Regents have already approved a budget request for increased stipends heading into the 2023 legislative session, and university officials across the state have signaled that the issue remains atop the long list of funding priorities. 

Still, the natural delay caused by the state’s two-year cycle of legislative sessions has created an extended gap of inaction, Thomas said, one that has been “demoralizing” even after individual institutions have sought to address cost concerns. 

“To students who are suffering right now in terms of not being able to receive adequate support for housing or food, it's very difficult having to explain that and say, “Well, we're kind of waiting on the state,’” Nicole Thomas, UNLV Graduate and Professional Student Association president, said in an interview.  

Still, both Thomas, the UNLV grad student president, and Hawn, her UNR counterpart, said they remained optimistic about the likelihood of an increase to graduate student stipends, especially amid better-than-expected revenue conditions and as education, more broadly, has come to the political fore. 

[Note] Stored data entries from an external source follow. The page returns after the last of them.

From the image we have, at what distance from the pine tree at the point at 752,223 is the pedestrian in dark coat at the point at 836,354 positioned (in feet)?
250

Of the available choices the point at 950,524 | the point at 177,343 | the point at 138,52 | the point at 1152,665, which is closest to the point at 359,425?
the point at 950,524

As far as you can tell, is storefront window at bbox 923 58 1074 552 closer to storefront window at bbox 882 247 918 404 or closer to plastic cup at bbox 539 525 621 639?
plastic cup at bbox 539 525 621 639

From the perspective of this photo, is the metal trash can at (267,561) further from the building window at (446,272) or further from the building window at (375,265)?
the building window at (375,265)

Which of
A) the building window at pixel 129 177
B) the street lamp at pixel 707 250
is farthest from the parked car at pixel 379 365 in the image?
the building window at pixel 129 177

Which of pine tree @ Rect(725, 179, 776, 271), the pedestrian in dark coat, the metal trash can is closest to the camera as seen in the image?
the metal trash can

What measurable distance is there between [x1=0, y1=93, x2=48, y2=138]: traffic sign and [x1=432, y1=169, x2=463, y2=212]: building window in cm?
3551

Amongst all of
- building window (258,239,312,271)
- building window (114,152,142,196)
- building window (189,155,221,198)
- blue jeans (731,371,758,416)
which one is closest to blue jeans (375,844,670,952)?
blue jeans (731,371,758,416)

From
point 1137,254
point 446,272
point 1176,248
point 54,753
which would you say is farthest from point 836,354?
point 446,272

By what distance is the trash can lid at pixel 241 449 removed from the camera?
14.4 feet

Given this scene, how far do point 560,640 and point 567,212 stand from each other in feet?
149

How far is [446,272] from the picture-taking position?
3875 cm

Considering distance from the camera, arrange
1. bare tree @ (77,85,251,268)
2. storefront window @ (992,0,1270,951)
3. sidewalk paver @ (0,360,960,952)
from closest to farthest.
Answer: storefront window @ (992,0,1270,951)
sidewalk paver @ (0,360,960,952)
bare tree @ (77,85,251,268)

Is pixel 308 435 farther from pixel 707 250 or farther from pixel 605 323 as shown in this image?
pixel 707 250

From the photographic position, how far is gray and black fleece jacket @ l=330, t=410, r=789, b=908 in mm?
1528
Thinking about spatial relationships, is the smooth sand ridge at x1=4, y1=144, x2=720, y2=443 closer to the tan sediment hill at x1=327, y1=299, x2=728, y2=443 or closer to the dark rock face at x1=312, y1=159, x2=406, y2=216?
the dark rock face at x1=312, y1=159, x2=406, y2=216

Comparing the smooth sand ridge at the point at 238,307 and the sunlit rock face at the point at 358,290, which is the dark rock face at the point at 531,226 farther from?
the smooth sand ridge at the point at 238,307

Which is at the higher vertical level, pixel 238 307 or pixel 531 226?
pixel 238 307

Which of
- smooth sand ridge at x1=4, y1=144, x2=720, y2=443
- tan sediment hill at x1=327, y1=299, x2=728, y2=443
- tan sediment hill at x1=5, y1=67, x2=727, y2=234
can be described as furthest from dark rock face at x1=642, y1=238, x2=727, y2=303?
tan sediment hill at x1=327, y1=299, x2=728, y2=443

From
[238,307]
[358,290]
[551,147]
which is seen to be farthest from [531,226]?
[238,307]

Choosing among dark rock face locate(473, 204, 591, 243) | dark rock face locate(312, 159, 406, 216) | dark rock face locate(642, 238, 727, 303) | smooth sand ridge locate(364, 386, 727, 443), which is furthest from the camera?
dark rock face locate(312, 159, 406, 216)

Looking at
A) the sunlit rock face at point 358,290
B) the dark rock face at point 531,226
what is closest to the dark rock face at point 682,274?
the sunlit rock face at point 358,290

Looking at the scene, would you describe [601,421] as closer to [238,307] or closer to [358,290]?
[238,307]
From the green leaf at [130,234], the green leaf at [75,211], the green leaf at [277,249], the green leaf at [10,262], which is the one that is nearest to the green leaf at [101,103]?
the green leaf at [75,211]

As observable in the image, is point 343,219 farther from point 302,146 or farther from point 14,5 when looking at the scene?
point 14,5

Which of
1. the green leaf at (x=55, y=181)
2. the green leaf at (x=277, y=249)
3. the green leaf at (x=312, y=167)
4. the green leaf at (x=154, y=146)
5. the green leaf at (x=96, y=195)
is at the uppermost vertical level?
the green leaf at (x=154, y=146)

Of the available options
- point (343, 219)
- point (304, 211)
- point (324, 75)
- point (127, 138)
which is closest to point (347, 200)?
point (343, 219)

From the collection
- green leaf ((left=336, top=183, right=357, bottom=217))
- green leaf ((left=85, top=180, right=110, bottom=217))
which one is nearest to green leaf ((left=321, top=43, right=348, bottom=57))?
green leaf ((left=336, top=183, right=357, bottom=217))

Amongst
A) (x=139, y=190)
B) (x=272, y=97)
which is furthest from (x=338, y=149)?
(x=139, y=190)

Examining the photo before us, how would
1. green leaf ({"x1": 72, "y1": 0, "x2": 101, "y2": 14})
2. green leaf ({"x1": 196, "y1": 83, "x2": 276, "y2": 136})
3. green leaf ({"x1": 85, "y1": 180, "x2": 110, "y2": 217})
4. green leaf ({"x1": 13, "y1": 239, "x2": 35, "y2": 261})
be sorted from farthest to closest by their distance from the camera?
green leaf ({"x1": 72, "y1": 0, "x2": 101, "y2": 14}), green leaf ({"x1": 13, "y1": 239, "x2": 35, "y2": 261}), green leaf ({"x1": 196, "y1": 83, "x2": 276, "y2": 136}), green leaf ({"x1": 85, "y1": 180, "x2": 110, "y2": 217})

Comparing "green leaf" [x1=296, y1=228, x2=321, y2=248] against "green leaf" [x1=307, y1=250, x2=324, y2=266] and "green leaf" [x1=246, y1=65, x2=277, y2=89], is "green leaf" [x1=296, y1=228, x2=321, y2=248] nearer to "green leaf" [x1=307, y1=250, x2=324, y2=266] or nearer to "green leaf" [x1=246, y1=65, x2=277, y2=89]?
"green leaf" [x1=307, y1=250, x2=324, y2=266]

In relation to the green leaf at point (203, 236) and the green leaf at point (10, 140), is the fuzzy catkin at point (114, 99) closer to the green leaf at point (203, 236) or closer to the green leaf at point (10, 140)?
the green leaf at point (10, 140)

One wrinkle to potential housing solutions is that policymakers have so far signaled a willingness to pursue affordable housing projects — but not ones that are limited to a population as small and as specific as the state’s graduate students. 

“It's not just us being affected,” Thomas said, referencing efforts by UNR and UNLV to direct American Rescue Plan dollars toward such projects. “It's the entire community that is being affected by this.”

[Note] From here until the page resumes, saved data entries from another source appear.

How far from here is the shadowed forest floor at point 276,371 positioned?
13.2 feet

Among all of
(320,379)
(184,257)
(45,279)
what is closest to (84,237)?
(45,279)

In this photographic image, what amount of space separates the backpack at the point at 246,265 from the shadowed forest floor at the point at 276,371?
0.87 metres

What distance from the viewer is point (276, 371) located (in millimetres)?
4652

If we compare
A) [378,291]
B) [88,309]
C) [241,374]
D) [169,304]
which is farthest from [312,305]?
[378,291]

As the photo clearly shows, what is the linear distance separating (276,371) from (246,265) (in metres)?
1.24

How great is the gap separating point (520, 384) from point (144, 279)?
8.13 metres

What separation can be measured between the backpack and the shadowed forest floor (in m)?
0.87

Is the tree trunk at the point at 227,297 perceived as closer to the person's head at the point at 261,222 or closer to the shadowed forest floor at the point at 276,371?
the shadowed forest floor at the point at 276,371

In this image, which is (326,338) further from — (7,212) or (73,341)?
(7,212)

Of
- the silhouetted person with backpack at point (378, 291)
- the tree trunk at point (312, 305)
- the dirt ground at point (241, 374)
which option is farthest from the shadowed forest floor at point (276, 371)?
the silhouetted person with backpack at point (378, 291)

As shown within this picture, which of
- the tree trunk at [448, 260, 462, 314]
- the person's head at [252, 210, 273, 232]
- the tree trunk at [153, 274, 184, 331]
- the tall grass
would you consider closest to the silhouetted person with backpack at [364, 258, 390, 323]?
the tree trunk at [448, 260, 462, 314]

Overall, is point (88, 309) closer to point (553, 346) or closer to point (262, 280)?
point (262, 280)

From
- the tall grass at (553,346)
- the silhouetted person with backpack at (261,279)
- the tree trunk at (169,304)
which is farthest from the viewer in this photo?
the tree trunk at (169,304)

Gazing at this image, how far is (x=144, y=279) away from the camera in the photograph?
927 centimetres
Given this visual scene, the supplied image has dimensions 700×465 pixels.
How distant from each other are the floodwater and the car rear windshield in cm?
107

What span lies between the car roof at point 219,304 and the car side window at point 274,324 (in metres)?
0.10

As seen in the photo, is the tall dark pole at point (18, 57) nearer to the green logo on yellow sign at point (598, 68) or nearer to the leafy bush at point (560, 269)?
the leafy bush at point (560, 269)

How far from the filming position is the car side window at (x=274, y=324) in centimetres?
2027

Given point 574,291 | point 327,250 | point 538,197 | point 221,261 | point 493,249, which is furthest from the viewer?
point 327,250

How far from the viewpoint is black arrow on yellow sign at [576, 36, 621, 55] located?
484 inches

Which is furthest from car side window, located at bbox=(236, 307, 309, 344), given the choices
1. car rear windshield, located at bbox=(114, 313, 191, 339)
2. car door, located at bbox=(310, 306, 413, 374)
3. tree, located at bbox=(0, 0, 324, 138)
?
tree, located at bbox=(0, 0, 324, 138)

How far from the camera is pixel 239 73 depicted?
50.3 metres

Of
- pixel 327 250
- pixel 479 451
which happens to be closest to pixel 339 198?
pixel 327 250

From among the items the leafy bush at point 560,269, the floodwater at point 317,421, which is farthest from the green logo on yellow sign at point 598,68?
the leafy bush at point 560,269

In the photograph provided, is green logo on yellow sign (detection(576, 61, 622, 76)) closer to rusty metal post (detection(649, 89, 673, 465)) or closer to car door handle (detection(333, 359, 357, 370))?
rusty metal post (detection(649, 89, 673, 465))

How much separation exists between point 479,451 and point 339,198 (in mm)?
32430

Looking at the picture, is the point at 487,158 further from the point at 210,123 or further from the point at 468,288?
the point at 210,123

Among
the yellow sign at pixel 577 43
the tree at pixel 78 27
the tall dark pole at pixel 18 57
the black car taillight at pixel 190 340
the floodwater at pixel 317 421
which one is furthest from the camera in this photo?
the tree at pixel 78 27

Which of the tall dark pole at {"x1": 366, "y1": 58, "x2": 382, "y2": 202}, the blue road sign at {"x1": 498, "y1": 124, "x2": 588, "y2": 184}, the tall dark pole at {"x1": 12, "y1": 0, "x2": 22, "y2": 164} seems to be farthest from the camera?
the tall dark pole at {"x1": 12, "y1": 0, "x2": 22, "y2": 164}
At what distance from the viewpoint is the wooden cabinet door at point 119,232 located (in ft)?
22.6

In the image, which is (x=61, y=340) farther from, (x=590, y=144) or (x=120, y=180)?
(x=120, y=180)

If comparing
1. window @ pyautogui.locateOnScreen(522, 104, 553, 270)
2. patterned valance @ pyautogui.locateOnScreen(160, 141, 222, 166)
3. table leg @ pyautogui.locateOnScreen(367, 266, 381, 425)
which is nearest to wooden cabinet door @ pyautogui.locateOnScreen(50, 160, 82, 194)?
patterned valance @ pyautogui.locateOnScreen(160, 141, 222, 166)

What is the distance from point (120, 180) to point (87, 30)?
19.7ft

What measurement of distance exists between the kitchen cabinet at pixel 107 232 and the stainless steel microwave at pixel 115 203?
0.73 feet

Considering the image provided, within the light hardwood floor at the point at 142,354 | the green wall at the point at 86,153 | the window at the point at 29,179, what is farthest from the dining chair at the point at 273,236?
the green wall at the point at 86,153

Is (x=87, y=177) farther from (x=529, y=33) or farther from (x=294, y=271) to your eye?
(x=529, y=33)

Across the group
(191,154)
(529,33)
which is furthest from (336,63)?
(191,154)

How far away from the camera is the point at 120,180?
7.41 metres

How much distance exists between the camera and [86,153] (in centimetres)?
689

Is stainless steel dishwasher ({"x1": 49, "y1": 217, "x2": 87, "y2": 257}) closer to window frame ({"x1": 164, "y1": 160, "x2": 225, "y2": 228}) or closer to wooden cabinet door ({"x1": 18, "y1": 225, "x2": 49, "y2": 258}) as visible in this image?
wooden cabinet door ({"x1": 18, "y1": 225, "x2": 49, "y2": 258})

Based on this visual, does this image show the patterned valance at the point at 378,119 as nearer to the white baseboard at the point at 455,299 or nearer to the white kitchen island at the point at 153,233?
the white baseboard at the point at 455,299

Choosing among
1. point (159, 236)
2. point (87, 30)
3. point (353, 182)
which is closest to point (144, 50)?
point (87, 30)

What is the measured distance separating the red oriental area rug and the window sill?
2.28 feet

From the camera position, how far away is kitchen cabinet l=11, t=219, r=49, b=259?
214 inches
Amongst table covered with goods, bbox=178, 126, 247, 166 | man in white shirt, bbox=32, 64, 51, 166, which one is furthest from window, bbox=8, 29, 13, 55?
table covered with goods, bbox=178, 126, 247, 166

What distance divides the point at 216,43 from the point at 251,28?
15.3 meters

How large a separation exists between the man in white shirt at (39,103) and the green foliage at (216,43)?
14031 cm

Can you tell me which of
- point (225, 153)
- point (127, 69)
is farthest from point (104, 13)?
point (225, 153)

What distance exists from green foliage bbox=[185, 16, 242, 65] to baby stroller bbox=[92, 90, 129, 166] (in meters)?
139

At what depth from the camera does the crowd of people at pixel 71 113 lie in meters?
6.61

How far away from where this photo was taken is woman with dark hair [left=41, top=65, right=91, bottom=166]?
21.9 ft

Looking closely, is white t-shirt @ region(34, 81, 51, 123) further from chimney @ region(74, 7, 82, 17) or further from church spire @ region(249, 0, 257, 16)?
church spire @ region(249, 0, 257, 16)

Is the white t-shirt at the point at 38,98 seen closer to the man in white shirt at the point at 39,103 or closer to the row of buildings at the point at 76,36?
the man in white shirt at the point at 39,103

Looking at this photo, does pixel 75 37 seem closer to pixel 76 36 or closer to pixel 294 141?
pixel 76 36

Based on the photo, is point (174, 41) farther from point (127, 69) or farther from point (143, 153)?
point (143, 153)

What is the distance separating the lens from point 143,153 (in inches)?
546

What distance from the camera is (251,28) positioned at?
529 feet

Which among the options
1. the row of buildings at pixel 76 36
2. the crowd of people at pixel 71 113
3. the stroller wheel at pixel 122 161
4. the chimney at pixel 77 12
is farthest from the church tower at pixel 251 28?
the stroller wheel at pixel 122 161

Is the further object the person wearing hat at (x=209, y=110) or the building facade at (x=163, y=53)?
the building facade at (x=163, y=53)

To that end, Thomas said that a Southern Nevada push to pursue a UNR-style public-private affordable housing partnership, while still “definitely a possibility,” remains part of a longer discussion. 

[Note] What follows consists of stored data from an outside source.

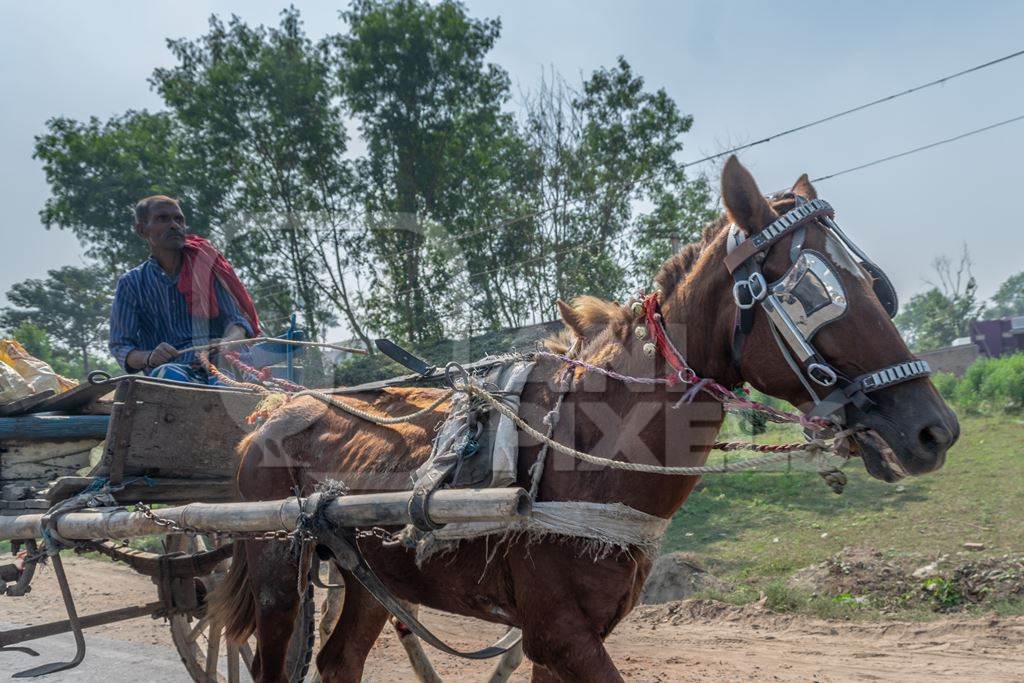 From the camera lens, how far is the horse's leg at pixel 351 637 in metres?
3.90

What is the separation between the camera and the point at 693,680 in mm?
5531

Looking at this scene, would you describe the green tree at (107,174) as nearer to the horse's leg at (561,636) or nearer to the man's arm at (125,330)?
the man's arm at (125,330)

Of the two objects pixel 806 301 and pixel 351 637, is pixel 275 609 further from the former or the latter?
pixel 806 301

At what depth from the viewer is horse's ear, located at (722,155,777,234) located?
110 inches

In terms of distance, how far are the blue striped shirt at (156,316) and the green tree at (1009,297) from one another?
8997 cm

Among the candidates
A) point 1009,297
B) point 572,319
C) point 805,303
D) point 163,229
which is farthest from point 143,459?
point 1009,297

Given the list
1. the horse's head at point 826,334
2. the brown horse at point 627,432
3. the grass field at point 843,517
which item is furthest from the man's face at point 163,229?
the grass field at point 843,517

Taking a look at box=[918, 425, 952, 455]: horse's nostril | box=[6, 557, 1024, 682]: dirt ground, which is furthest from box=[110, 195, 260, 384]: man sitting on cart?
box=[918, 425, 952, 455]: horse's nostril

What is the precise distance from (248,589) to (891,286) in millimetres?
3216

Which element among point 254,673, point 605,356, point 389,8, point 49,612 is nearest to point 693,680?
point 254,673

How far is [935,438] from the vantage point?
2.42m

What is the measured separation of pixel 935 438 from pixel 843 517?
812 centimetres

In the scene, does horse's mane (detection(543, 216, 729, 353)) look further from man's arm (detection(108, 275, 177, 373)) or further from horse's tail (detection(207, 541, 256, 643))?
man's arm (detection(108, 275, 177, 373))

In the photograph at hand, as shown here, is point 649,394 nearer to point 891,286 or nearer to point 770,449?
point 770,449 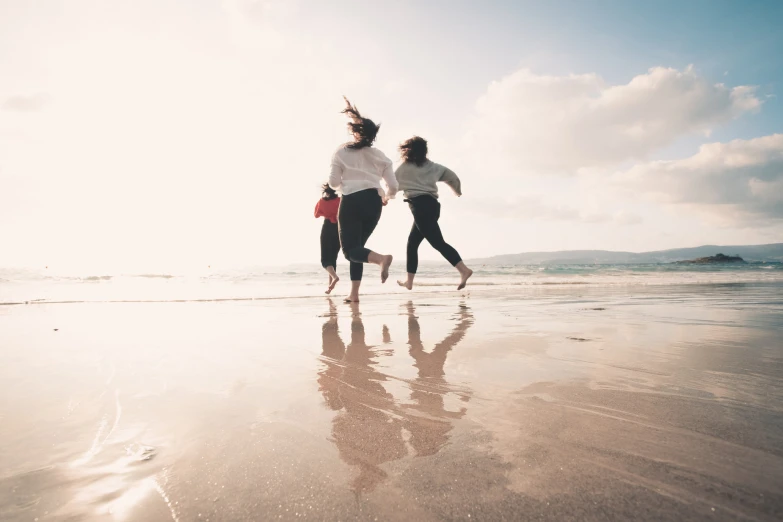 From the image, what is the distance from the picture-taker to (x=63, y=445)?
95 centimetres

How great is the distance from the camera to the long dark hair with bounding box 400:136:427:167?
528cm

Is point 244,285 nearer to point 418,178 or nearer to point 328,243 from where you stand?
point 328,243

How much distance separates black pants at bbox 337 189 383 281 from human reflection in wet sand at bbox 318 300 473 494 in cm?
234

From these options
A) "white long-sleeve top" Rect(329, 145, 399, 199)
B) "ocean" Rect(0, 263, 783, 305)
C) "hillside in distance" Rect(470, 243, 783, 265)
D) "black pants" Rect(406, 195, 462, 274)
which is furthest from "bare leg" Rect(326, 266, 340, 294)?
"hillside in distance" Rect(470, 243, 783, 265)

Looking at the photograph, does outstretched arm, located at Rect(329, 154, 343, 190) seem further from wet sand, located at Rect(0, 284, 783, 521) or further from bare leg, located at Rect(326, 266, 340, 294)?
wet sand, located at Rect(0, 284, 783, 521)

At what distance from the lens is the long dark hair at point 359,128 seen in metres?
4.28

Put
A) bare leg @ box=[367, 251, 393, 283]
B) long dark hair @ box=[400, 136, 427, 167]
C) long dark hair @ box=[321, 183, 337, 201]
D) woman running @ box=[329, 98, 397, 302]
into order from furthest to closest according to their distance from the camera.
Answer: long dark hair @ box=[321, 183, 337, 201]
long dark hair @ box=[400, 136, 427, 167]
woman running @ box=[329, 98, 397, 302]
bare leg @ box=[367, 251, 393, 283]

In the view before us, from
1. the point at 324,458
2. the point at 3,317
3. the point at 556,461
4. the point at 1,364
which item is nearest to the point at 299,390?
the point at 324,458

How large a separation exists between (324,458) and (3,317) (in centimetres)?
426

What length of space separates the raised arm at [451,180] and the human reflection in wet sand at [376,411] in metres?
3.81

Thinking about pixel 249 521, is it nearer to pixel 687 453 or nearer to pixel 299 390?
pixel 299 390

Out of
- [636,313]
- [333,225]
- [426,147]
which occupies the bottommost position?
[636,313]

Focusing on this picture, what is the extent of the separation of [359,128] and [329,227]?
2.25m

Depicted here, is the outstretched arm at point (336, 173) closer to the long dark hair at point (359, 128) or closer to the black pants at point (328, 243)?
the long dark hair at point (359, 128)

“People, in general, can’t afford to live here,” she said. 

Amid discussions of increased legislative support or more public-private housing projects aimed at students, Thomas, Thompson and Hawn all pointed to the instrumentality of one person: UNR President Brian Sandoval.

Thompson credited the former governor’s connections and “ability to work with local government,” something he said amounted to a “great asset” for UNR in securing the housing deal. 

But the long reach of Sandoval’s influence is felt even down south, where Thomas, the UNLV graduate association president, said — from her perch at UNLV and as a lifelong Las Vegas resident — “we don’t necessarily have the type of community support that Reno does.” 

“Because when you have someone who used to be governor as president, I feel like it is easier to get things done,” Thomas said. “I feel like we’re almost fighting an uphill battle of getting recognized as a research institution and getting recognized as being valuable to our community.”